TASK TO COMPLETE:
Please retype the data in full and exactly; the pictures are not part of the copy.

SUPPLIED DATA:

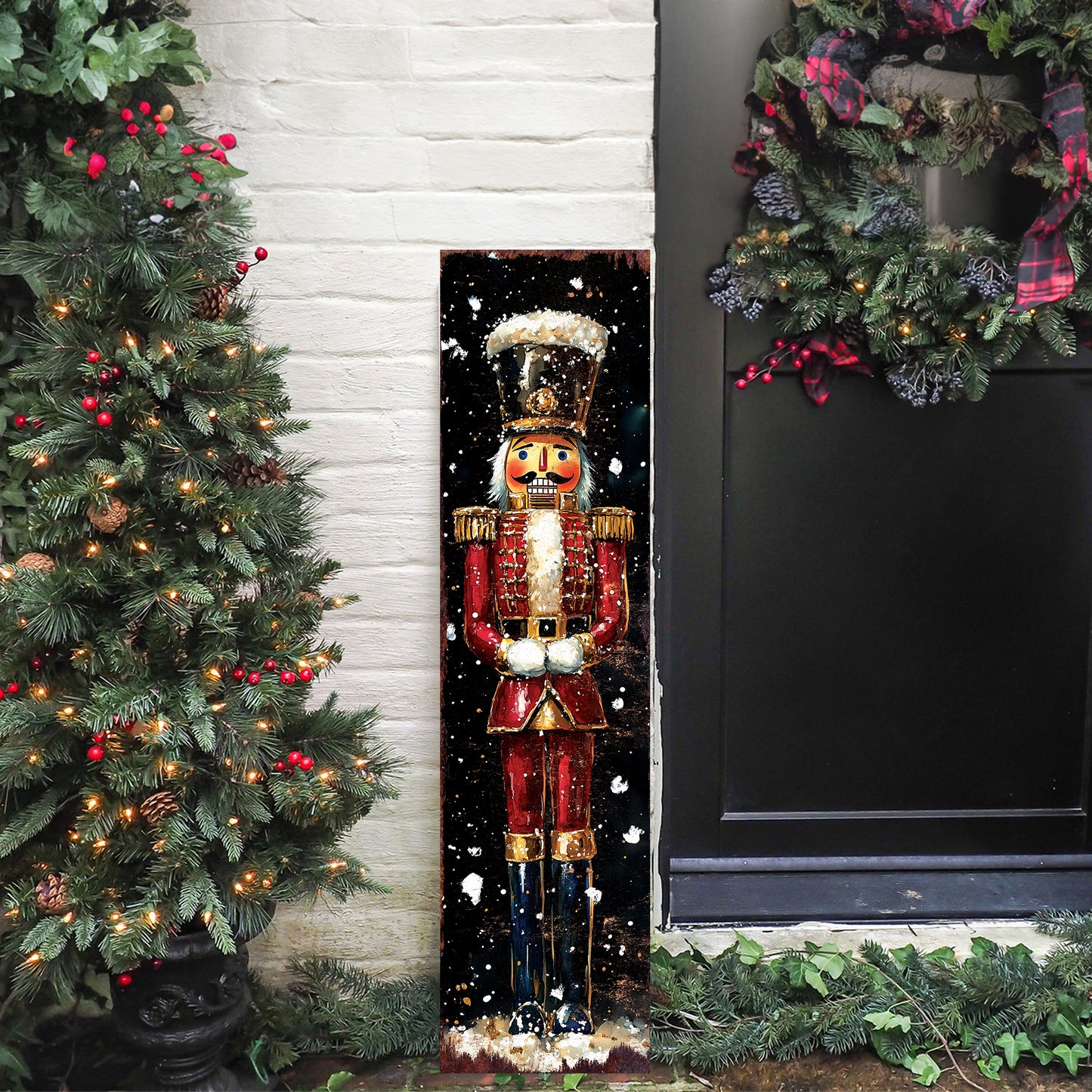 Red Nutcracker Porch Sign – Christmas Holiday Decor for Entryway & Outdoor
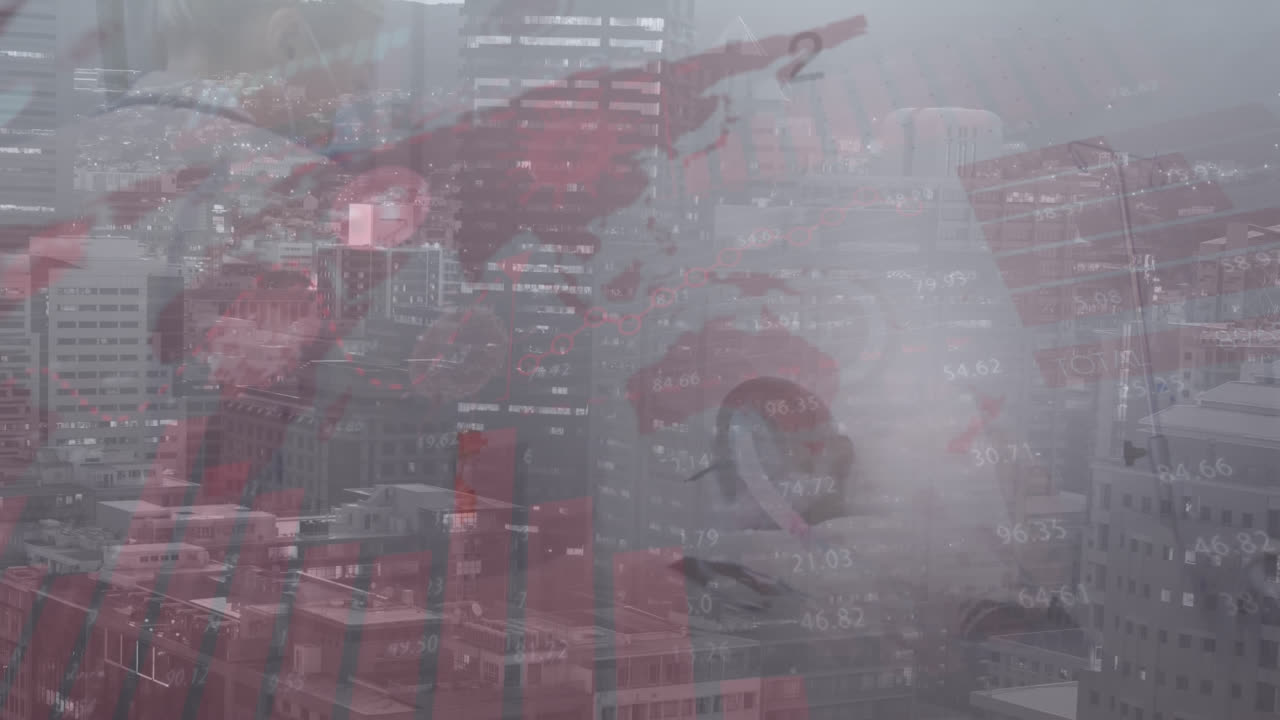 animación del procesamiento de datos sobre la ciudad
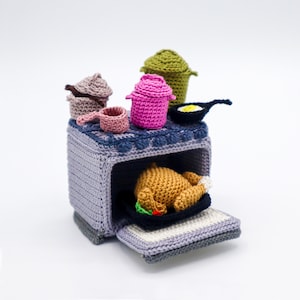PDF crochet pattern - crochet pattern - Dollhouse Stove Pots and Pans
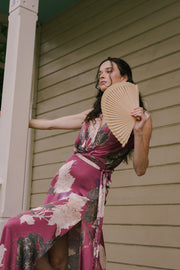 Sleeveless Waist Tie Floral Print Maxi Dress Burgundy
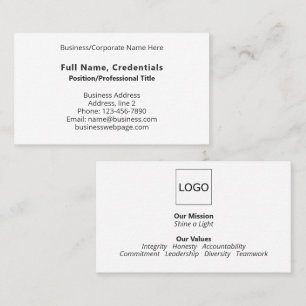 Einfaches Firmenlogo mit Schwarz-weißer Markenbeze Visitenkarte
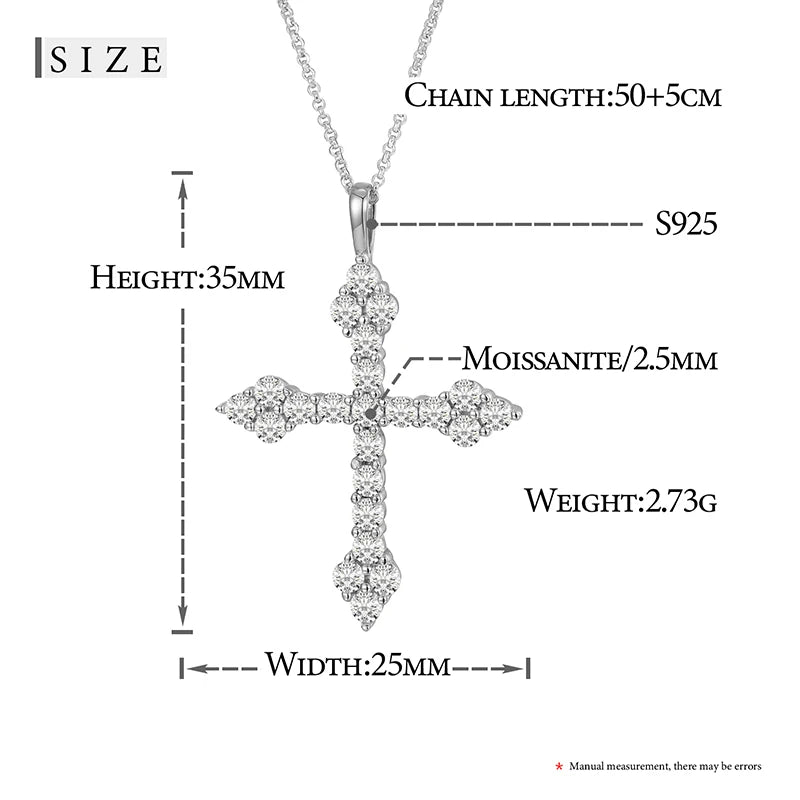 Religion Classic 3mm VVS1 D Color Moissanite Cross Pendant Necklace For Women Jewelry Sterling Silver S925 Gold Plated 18K White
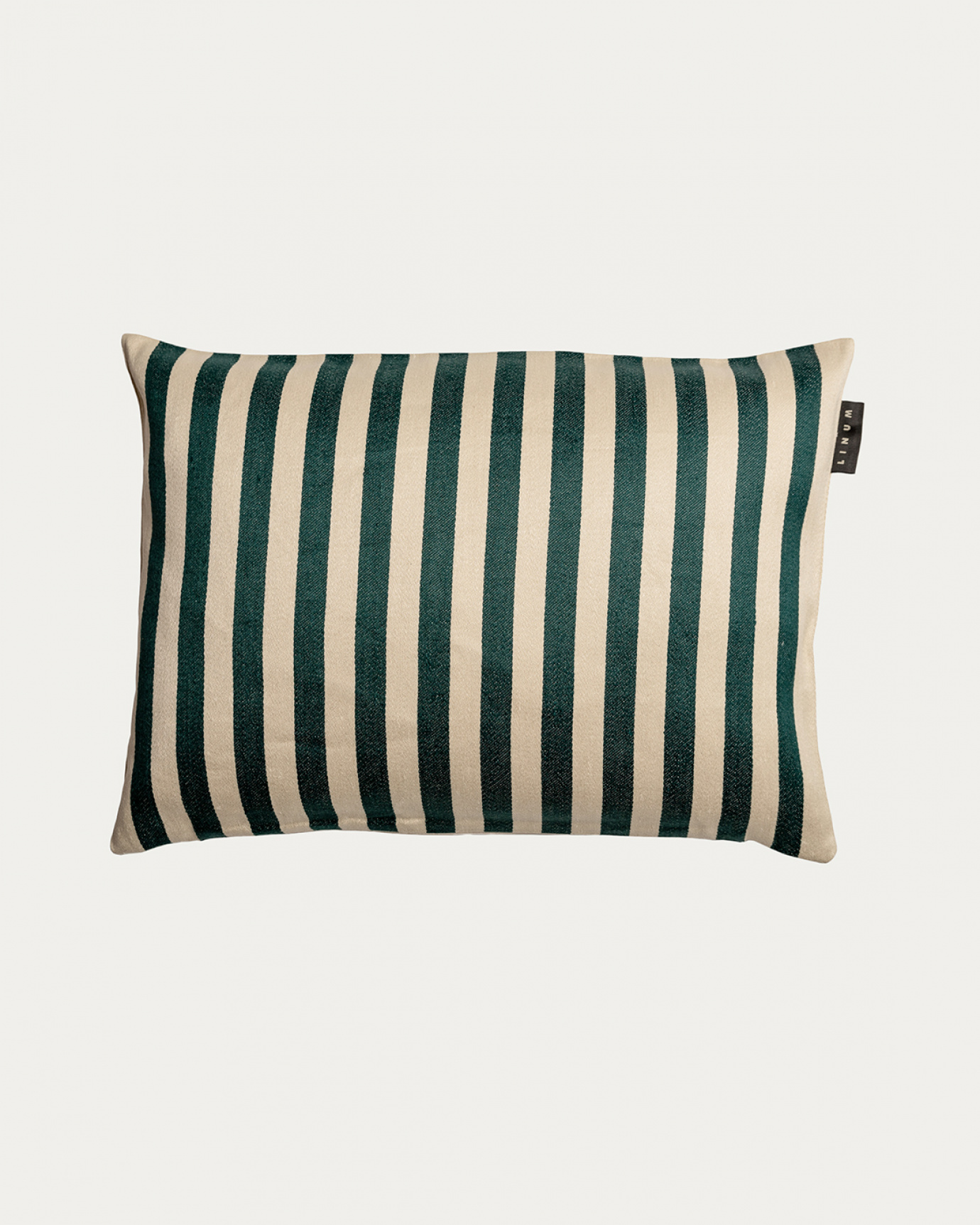 Product image deep emerald green AMALFI cushion cover with wide stripes made of 77% linen and 23% cotton from LINUM DESIGN. Size 35x50 cm.
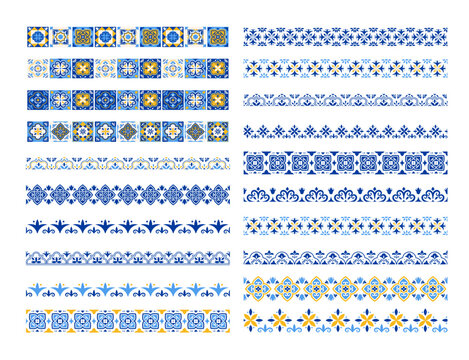 Ornamental borders collection with traditional Azulejo Portuguese tile patterns. Mediterranean ceramic set. Moroccan decorative elements.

SOLUTION FOR THIS PROBLEM:
 Red Nutcracker Porch Sign – Christmas Holiday Decor for Entryway & Outdoor
 animación del procesamiento de datos sobre la ciudad
PDF crochet pattern - crochet pattern - Dollhouse Stove Pots and Pans
 Sleeveless Waist Tie Floral Print Maxi Dress Burgundy
 Einfaches Firmenlogo mit Schwarz-weißer Markenbeze Visitenkarte
 Religion Classic 3mm VVS1 D Color Moissanite Cross Pendant Necklace For Women Jewelry Sterling Silver S925 Gold Plated 18K White
 Product image deep emerald green AMALFI cushion cover with wide stripes made of 77% linen and 23% cotton from LINUM DESIGN. Size 35x50 cm.
 Ornamental borders collection with traditional Azulejo Portuguese tile patterns. Mediterranean ceramic set. Moroccan decorative elements.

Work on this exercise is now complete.